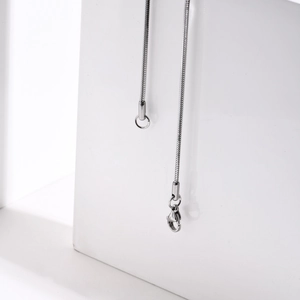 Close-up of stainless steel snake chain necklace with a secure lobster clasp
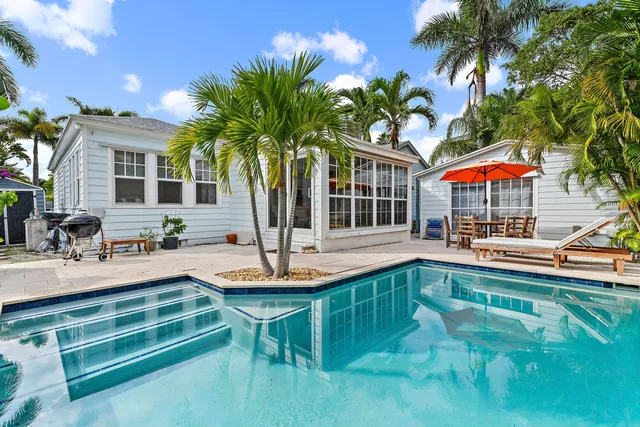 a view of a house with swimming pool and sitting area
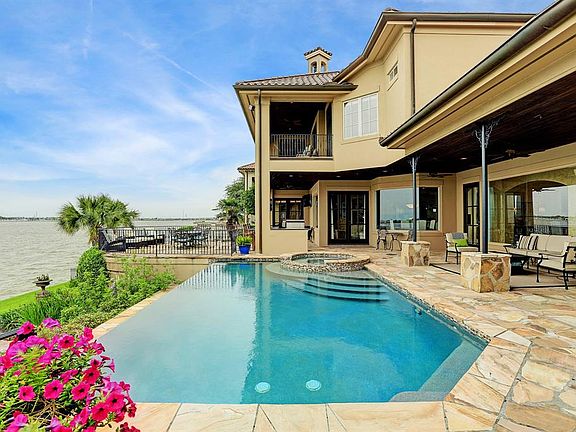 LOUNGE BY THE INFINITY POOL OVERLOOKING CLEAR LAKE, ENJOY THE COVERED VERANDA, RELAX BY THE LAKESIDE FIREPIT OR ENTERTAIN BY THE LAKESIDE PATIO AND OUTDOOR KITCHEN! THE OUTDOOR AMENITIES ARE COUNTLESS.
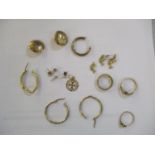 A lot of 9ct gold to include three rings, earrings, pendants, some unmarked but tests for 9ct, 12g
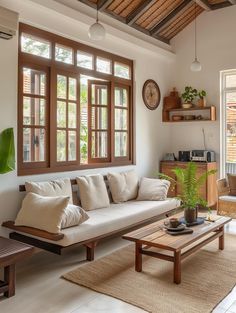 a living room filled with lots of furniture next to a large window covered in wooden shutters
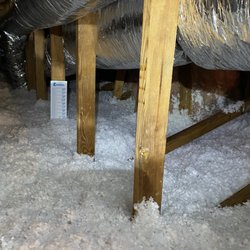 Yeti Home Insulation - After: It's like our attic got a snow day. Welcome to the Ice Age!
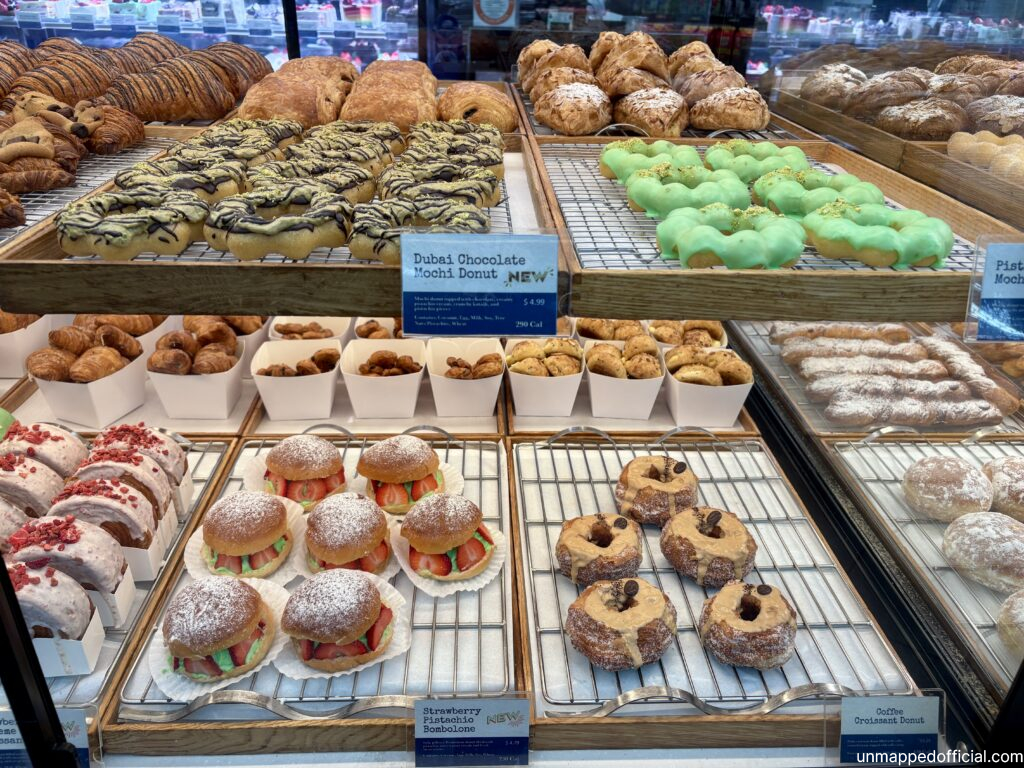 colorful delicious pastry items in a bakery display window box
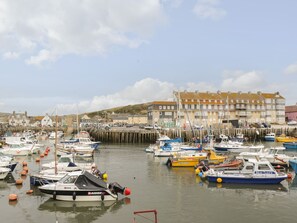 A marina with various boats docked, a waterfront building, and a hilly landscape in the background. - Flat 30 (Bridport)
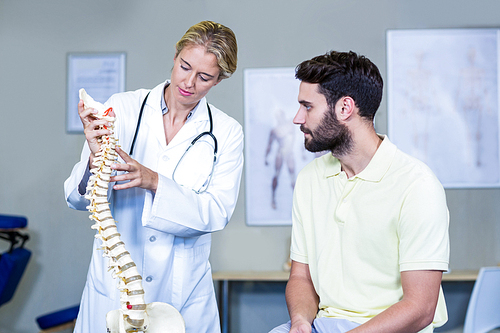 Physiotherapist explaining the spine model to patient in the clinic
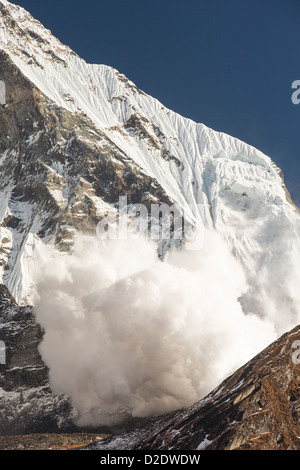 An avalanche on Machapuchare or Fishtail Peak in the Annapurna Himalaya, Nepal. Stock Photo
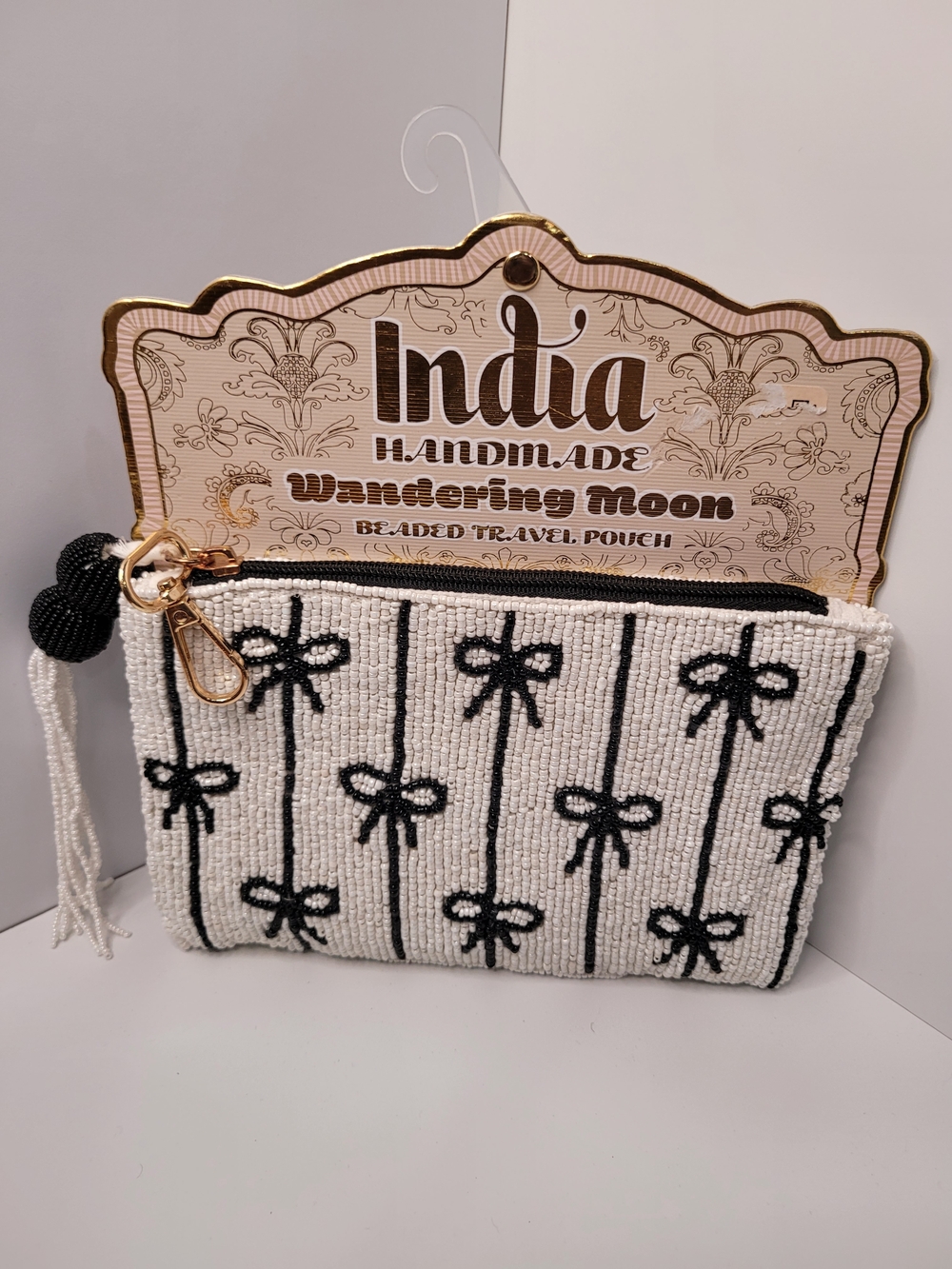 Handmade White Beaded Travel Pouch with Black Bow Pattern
========
WORK ITEM: Reproduce, word for word, the lines from the one containing "colorful delicious pastry" to the end of the material, both ends included. No picture is copied.

REPLY TO THE EXERCISE:
 colorful delicious pastry items in a bakery display window box
 A marina with various boats docked, a waterfront building, and a hilly landscape in the background. - Flat 30 (Bridport)
 Physiotherapist explaining the spine model to patient in the clinic
 An avalanche on Machapuchare or Fishtail Peak in the Annapurna Himalaya, Nepal. Stock Photo
 Handmade White Beaded Travel Pouch with Black Bow Pattern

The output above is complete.